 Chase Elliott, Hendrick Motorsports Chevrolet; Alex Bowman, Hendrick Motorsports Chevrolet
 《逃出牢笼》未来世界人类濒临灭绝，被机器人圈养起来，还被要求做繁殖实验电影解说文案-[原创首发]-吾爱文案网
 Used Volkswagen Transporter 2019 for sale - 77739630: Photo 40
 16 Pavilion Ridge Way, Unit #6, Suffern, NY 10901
...
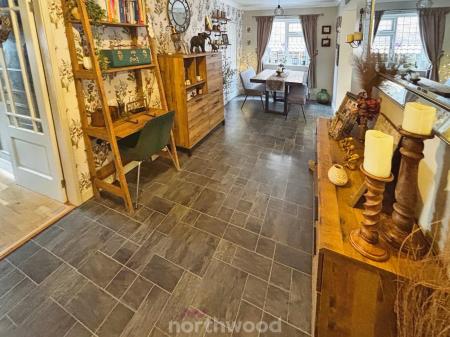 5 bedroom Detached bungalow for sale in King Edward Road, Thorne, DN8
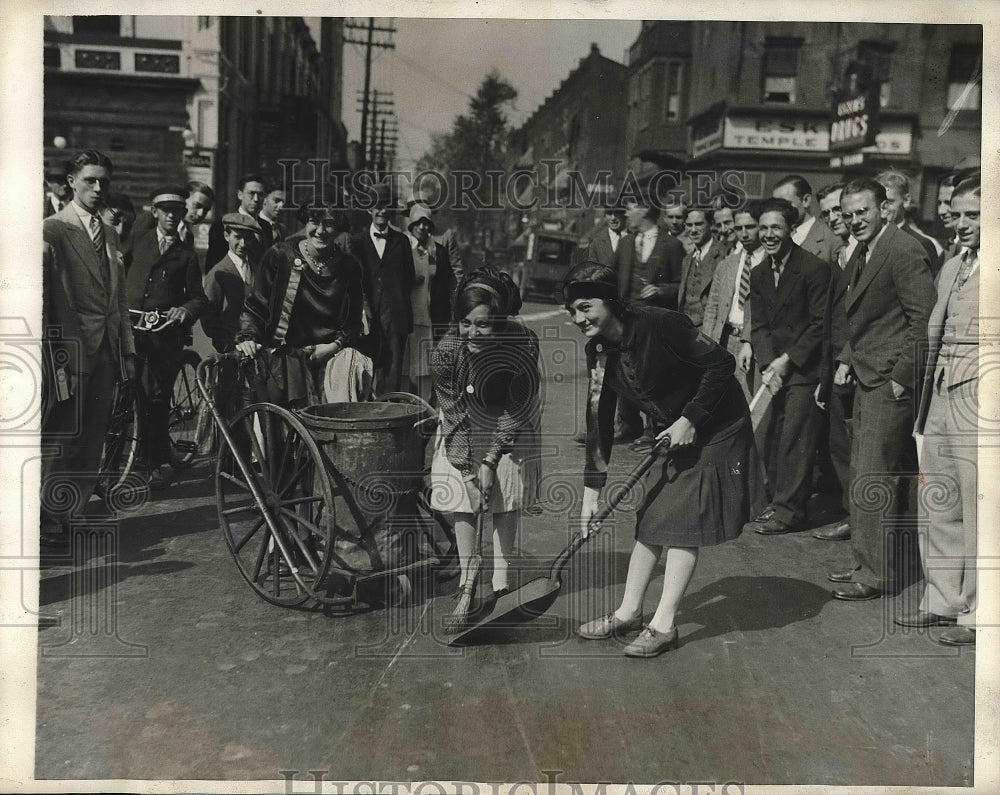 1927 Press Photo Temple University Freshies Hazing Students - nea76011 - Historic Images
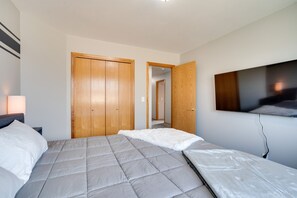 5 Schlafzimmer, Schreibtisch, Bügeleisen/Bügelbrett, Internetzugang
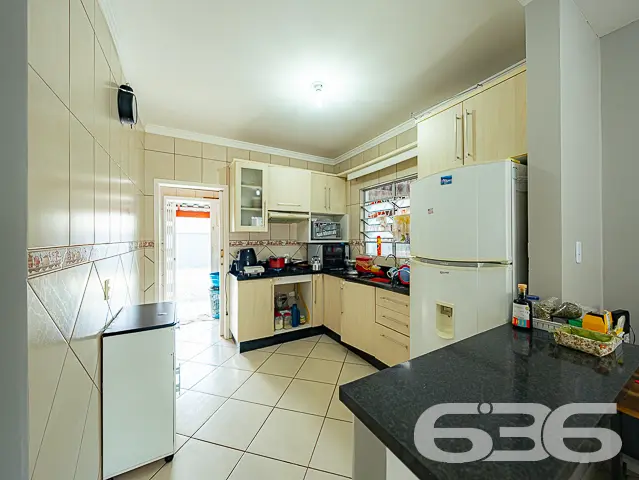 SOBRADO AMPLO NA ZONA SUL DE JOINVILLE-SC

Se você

INSTRUCTIONS FOR THE TASK => The lines above from the one containing "Chase Elliott, Hendrick" through the one containing "16 Pavilion Ridge" are to be set down exactly, and no others.

REPLY TO THE TASK =>
 Chase Elliott, Hendrick Motorsports Chevrolet; Alex Bowman, Hendrick Motorsports Chevrolet
 《逃出牢笼》未来世界人类濒临灭绝，被机器人圈养起来，还被要求做繁殖实验电影解说文案-[原创首发]-吾爱文案网
 Used Volkswagen Transporter 2019 for sale - 77739630: Photo 40
 16 Pavilion Ridge Way, Unit #6, Suffern, NY 10901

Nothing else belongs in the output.